A prospective analysis of 49 consecutive SSc-PAH patients treated with first-line bosentan was performed. New York Heart Association (NYHA) functional class, 6-min walk distance (6MWD) and haemodynamics were assessed at baseline and after 4 and 12 months.
At 4 months, significant improvements in NYHA functional class and haemodynamics were observed with stabilization at 1 year. There was no significant improvement in 6MWD. Overall survival estimates were 80, 56 and 51% at 1, 2 and 3 years, respectively, and were significantly worse than those in a cohort of patients with idiopathic PAH (92, 89 and 79% at 1, 2 and 3 years, respectively; P < 0.0001). Twenty-three patients (47%) died after a mean follow-up of 23 (18) months.

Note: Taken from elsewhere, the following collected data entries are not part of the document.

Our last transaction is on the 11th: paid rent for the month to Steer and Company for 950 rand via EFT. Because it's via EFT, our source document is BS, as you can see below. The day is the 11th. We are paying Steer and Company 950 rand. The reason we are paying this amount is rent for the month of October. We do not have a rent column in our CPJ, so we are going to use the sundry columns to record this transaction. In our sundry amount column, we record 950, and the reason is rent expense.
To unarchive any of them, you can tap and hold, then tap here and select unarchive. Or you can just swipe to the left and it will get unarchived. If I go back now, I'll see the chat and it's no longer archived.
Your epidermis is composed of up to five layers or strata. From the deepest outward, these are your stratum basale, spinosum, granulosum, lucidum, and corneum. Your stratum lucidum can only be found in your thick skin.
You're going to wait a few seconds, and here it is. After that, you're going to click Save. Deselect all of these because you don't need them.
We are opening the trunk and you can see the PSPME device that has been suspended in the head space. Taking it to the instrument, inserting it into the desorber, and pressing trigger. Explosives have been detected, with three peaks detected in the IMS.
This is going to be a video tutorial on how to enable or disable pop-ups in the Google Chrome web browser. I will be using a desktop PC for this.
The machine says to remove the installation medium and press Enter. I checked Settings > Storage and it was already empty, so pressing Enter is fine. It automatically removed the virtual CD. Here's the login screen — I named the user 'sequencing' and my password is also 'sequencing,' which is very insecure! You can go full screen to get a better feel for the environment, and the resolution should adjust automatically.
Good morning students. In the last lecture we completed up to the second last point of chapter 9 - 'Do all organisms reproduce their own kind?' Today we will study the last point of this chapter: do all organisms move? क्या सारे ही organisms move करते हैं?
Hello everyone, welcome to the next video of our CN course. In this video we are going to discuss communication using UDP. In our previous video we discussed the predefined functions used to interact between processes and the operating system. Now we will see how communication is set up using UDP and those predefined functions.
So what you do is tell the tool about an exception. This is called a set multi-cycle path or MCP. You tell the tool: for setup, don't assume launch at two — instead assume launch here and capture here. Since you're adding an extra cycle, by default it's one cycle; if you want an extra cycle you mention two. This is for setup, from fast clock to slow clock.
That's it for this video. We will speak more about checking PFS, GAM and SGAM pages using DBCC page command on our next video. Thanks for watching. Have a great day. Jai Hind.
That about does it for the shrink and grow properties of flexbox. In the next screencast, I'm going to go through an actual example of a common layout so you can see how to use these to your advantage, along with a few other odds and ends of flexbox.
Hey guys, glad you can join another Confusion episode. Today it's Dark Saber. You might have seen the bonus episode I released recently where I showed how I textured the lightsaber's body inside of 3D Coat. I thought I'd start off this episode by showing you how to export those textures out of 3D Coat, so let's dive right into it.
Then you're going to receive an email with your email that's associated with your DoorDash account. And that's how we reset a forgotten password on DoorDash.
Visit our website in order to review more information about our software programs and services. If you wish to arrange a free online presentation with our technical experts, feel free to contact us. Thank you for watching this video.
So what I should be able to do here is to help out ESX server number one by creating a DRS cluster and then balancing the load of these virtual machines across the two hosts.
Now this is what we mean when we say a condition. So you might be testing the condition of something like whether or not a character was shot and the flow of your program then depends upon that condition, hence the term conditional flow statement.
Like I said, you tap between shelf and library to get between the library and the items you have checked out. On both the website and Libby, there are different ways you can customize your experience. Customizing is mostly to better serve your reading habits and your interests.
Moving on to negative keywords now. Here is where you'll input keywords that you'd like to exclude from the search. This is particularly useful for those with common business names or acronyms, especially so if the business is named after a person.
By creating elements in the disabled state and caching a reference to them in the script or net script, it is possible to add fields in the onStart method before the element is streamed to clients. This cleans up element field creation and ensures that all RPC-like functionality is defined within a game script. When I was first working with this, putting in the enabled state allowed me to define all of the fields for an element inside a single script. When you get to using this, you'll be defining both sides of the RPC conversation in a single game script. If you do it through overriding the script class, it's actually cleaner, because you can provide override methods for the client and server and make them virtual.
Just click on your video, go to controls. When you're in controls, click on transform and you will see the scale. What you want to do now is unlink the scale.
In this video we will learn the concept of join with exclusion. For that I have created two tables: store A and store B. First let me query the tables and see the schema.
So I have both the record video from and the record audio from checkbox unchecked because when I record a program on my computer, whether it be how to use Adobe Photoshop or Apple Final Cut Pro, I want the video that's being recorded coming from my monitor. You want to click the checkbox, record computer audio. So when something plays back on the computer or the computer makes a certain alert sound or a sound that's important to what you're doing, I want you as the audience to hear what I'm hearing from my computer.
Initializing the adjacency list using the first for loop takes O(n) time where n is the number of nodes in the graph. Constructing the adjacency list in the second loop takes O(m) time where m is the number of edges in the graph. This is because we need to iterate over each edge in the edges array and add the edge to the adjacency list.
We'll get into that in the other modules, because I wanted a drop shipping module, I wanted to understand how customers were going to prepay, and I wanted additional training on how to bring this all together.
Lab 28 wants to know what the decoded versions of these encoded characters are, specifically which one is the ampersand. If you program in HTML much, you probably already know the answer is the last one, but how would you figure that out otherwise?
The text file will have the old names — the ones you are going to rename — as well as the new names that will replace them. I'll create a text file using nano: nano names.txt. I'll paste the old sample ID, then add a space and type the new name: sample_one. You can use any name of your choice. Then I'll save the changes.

In multivariate analysis, baseline and 4-month NYHA functional class and 4-month cardiac index were independent factors associated with overall survival.
In our cohort of consecutive SSc-PAH patients treated with first-line bosentan, improvement in NYHA functional class and haemodynamics was significant after 4 months of treatment and stabilized afterwards. One-year overall survival rate was higher than previously reported in historical series. However, long-term prognosis remains poor. Our study underlines the importance of haemodynamic evaluation 4 months after the start of treatment to provide strong parameters associated with survival-like cardiac index.